Malaysia does not have any shortages when it comes to providing housing options for expats. Foreigners who are staying the country for a short while find it useful to share accommodations with other expats. While those who are relocating to the country may find it better to invest on a property be it a condo unit in a high rise or a pleasant bungalow home in gated communities.
For expats, Malaysia may be a retirement haven. The large number of housing options and special offers for expats are just too enticing. Compared with European countries, Malaysia has a low cost of living. However, the rapid and continuous growth of the economy has also pushed prices of basic living expenses to increase.
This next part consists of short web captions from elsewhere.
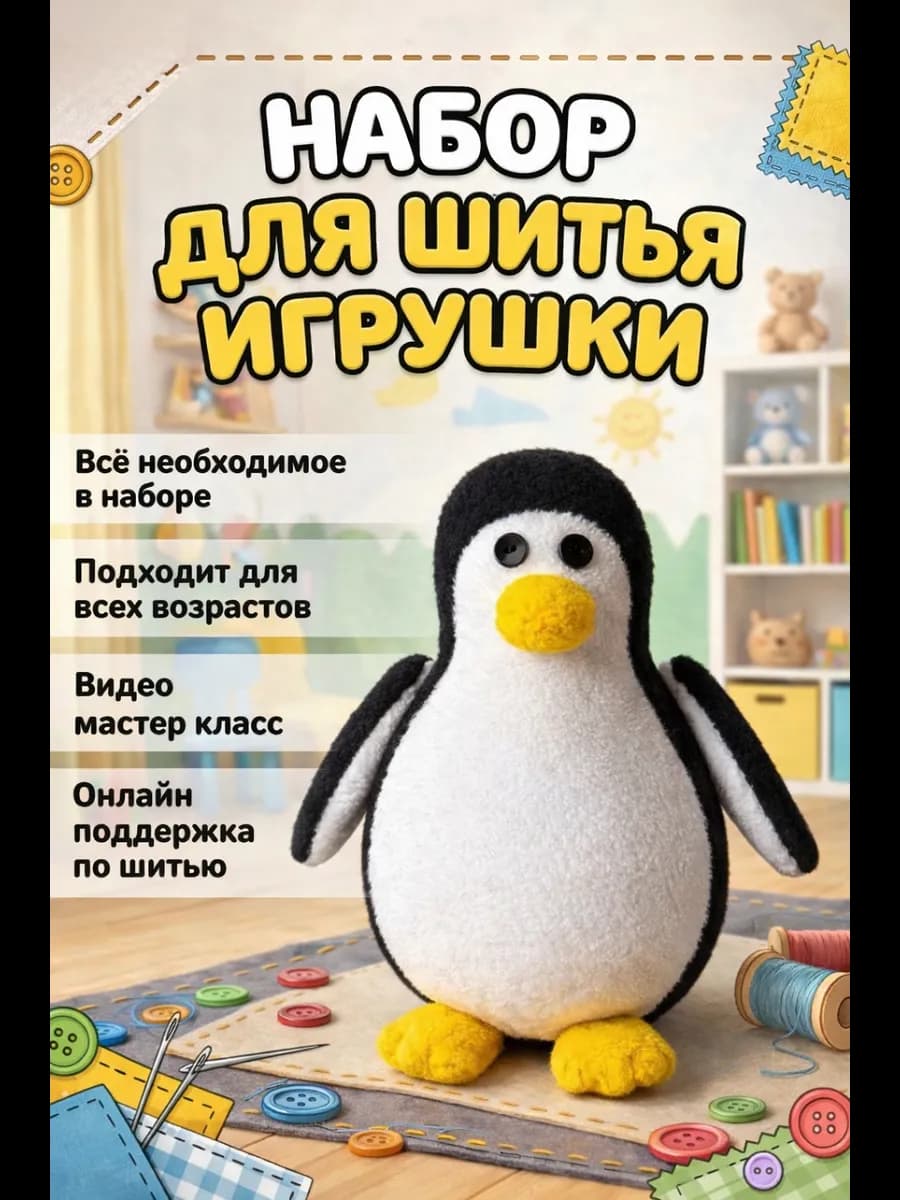 Набор для шитья мягкой игрушки своими руками Сшить Пингвина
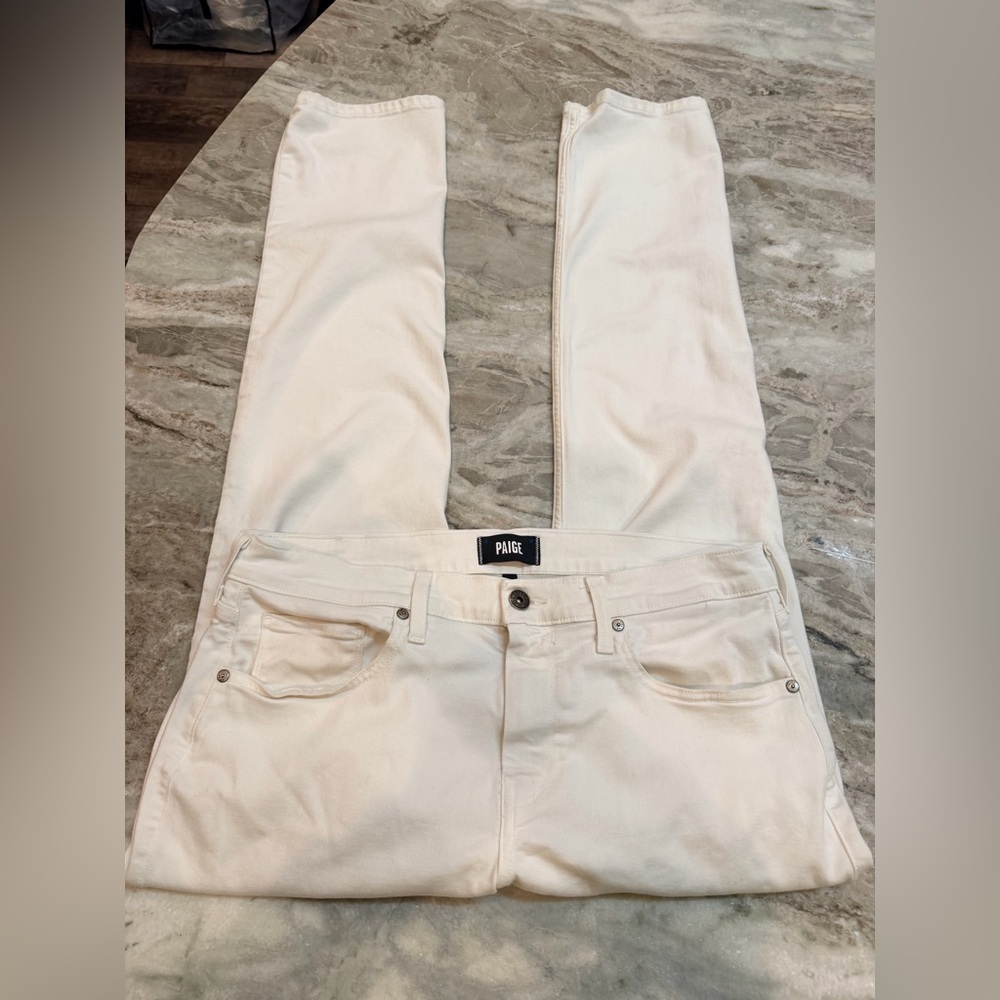 PAIGE Lennox 35x32 Icecap Cream Slim Straight Jeans Women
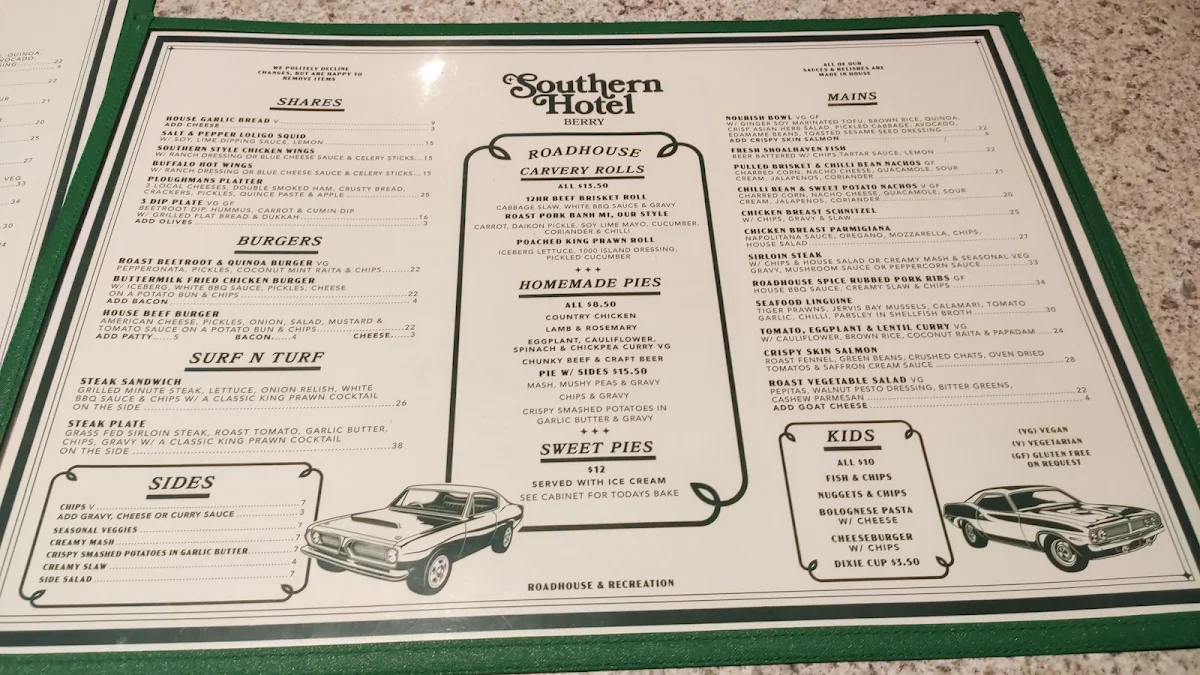 Menu, Great Southern Hotel Berry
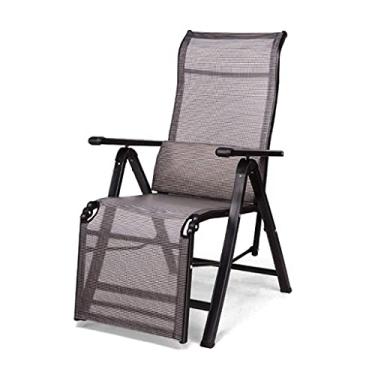 Imagem de YYBOES Espreguiçadeiras, espreguiçadeiras resistentes, móveis de jardim, cadeiras de acampamento e jardim, espreguiçadeiras dobráveis reclináveis à prova d'água de metal para escritório ao ar livre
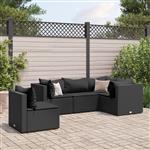 vidaXL 5-delige Loungeset met kussens poly rattan zwart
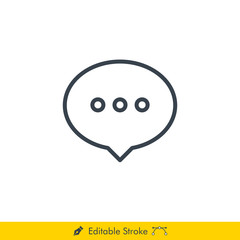 Chat (Message) Icon / Vector - In Line / Stroke Design
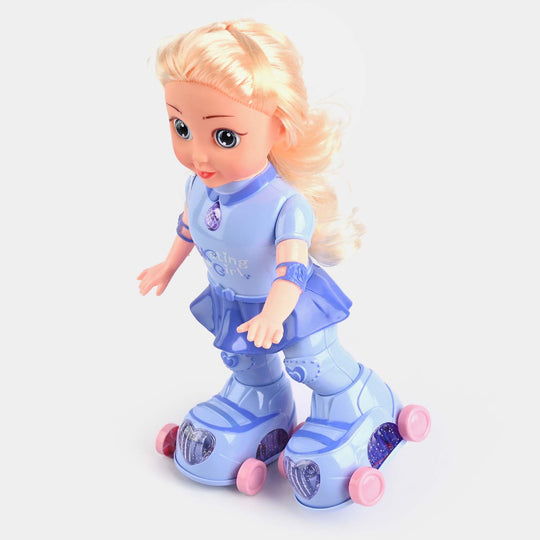 Electric Ice Skating Doll With Light & Music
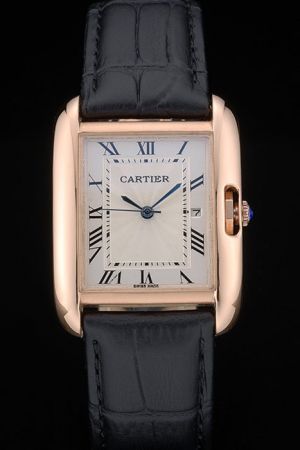 Classy Cartier  18K Rose Gold W5310032 Black Leather Strap  Gents Watch KDT236 Casual Tank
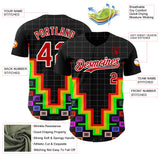 Custom Black Red-White Vaporwave Pixel Geometric Authentic Baseball Jersey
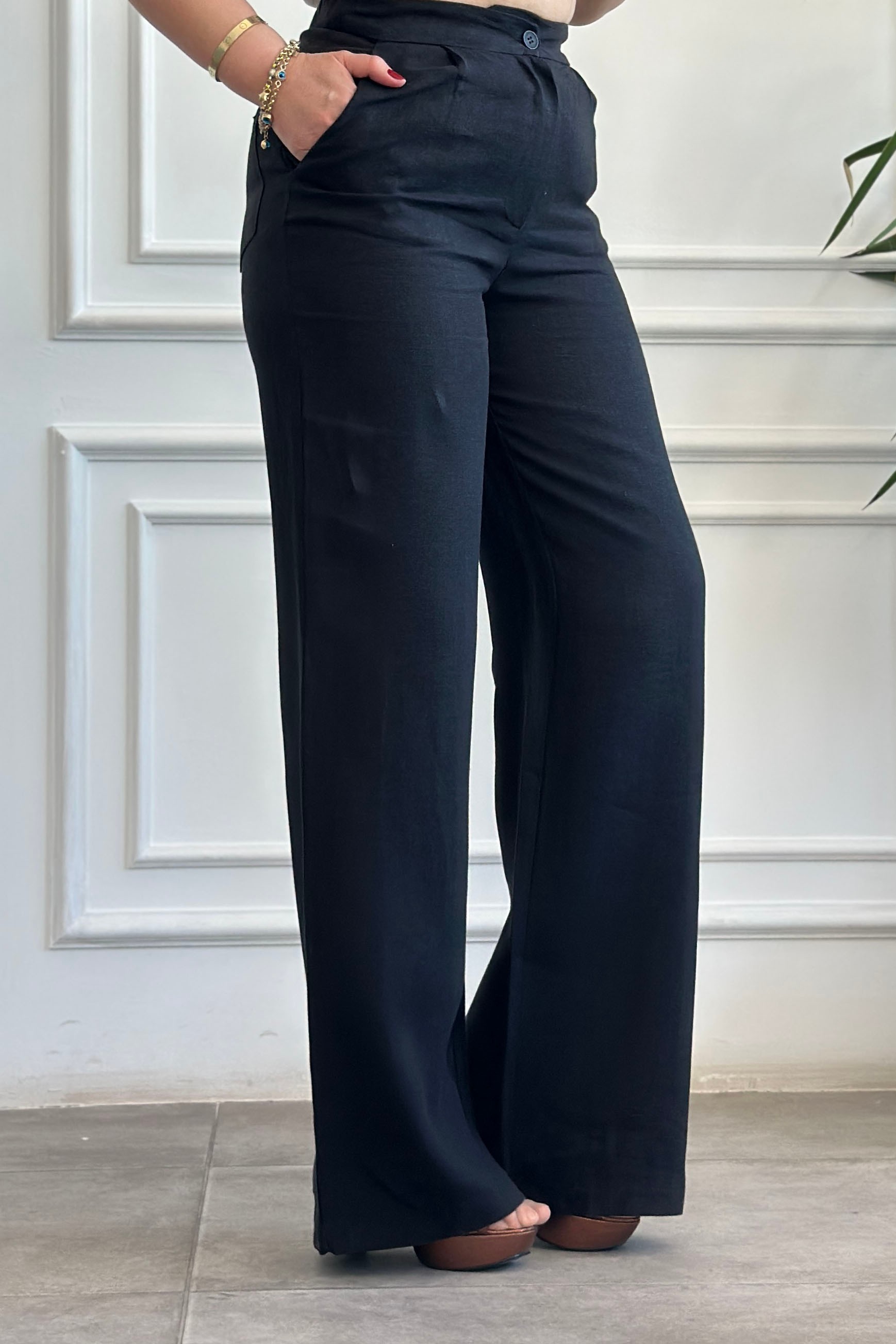 Beli Lastikli Bol Paça Keten Pantolon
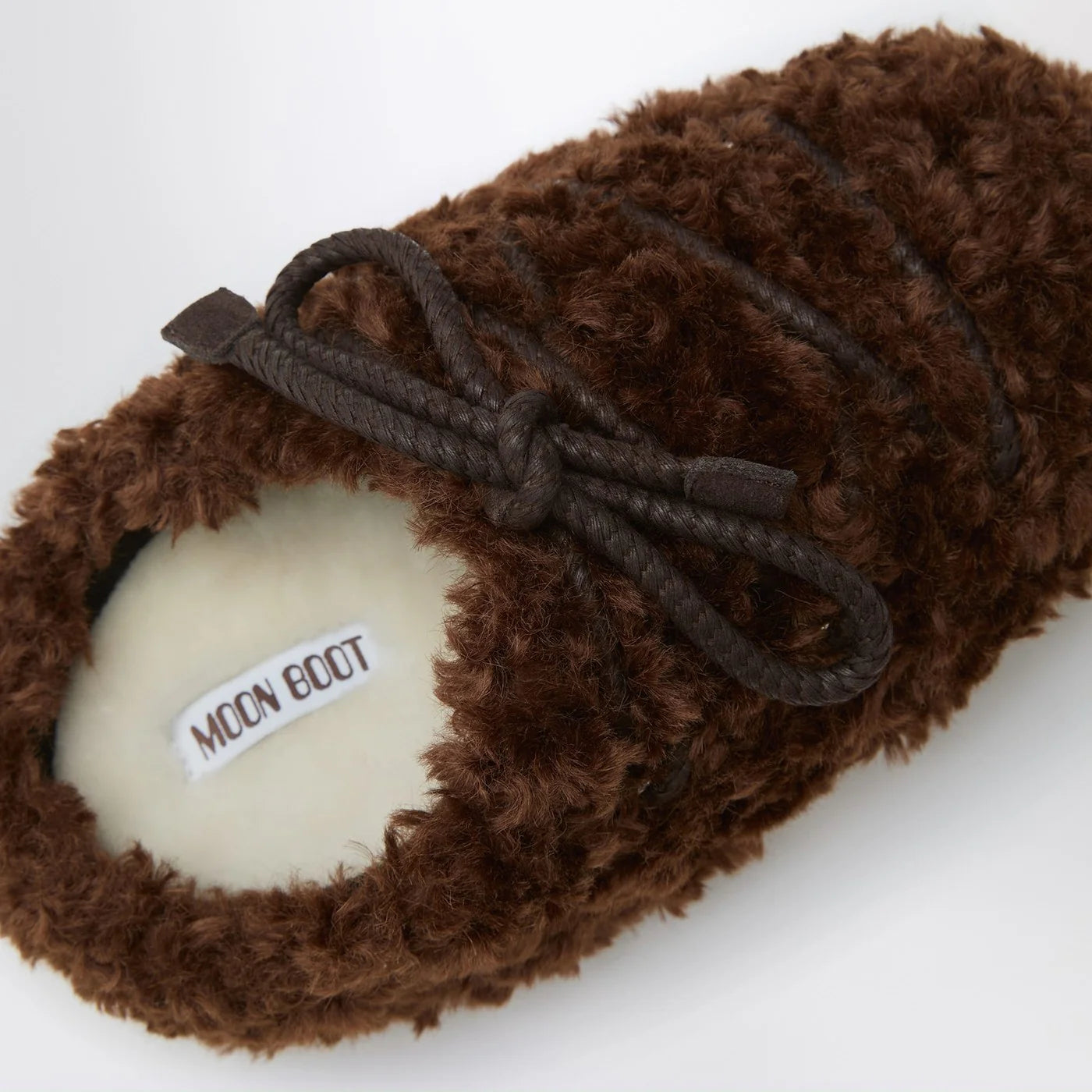 Moon Boot Dark brown curly shearling mules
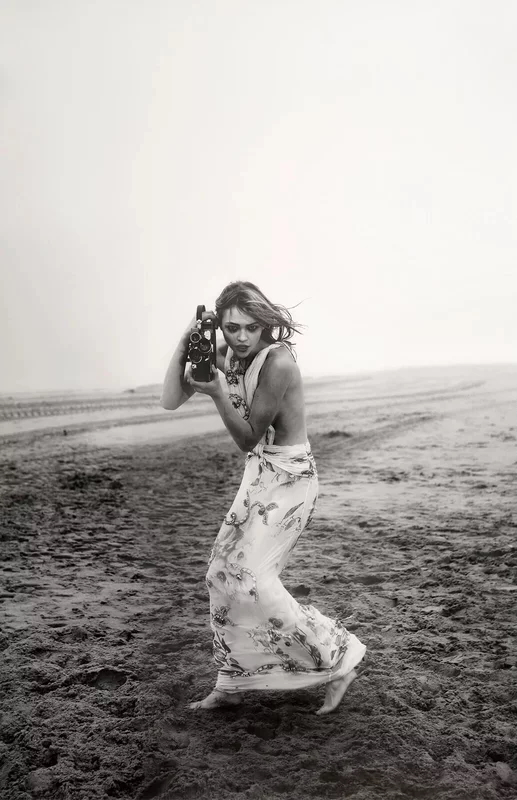 Sasha with Bolex, French Vogue, Le Touquet, France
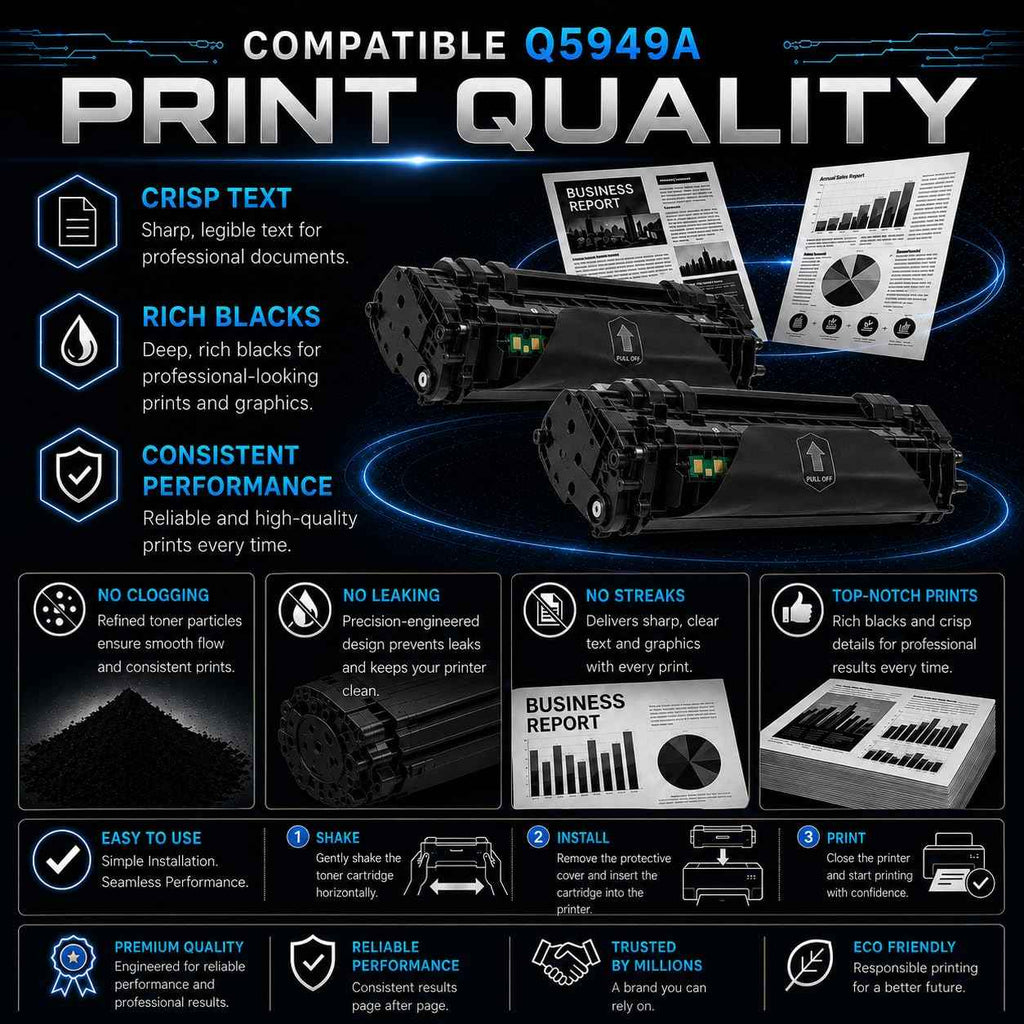 Front view of two black toner cartridges in packaging, emphasizing print quality.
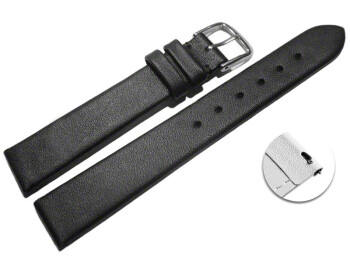 Schnellwechsel Uhrenarmband Leder Business schwarz XL 20mm Schwarz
The nice thing about working in Malaysia is the potential for an increasing monthly income. In the past years, Malaysia’s average monthly income increased steadily. Most of those who felt the growth were those who are living in the capital city of Kuala Lumpur.
The increase in monthly income also allowed more Malaysian residents to indulge in more luxurious items. Basic monthly living expenses can cost up to RM2,500 to RM5,000 depending on the size of the household. Those with children may need to shell out RM50,000 annually to cover school expenses.
Penang Island and Kuala Lumpur are comparable when it comes to cost of living. Penang, while relatively smaller than Kuala Lumpur, used to be one of the expensive cities to live in Malaysia because of its popularity among tourists. Over the years, prices of the basic commodities, accommodations, and transportation has already stabilised.
When it comes to food, one can expect to spend about RM17 when eating out, about RM7 for 500grams of boneless chicken breast, one quart of whole fat milk, and 12 large eggs. A 16 oz local beer from the supermarket sells for RM11, while a bottle of red wine can cost up to RM70.
A monthly rent for a 900 square foot apartment can cost up to RM2,877 (an expensive area) and RM1,638 (normal area). Smaller apartments measuring 480 square foot can have a monthly rent of RM2,035 (an expensive area) and RM1,208 (normal area). Utilities range from RM200 to RM226.
Malaysia is a safe country to live in. The tropical country is not often hit by any massive cyclones or typhoons. When it comes to crimes, Malaysia has made news about bag snatching. But as any other country, exercising caution at all times is a must. Wearing of expensive jewelry when walking dark alleys is a big no-no.
When going out, expats are highly advised to bring small bills especially when dining out and small restaurants or street stalls.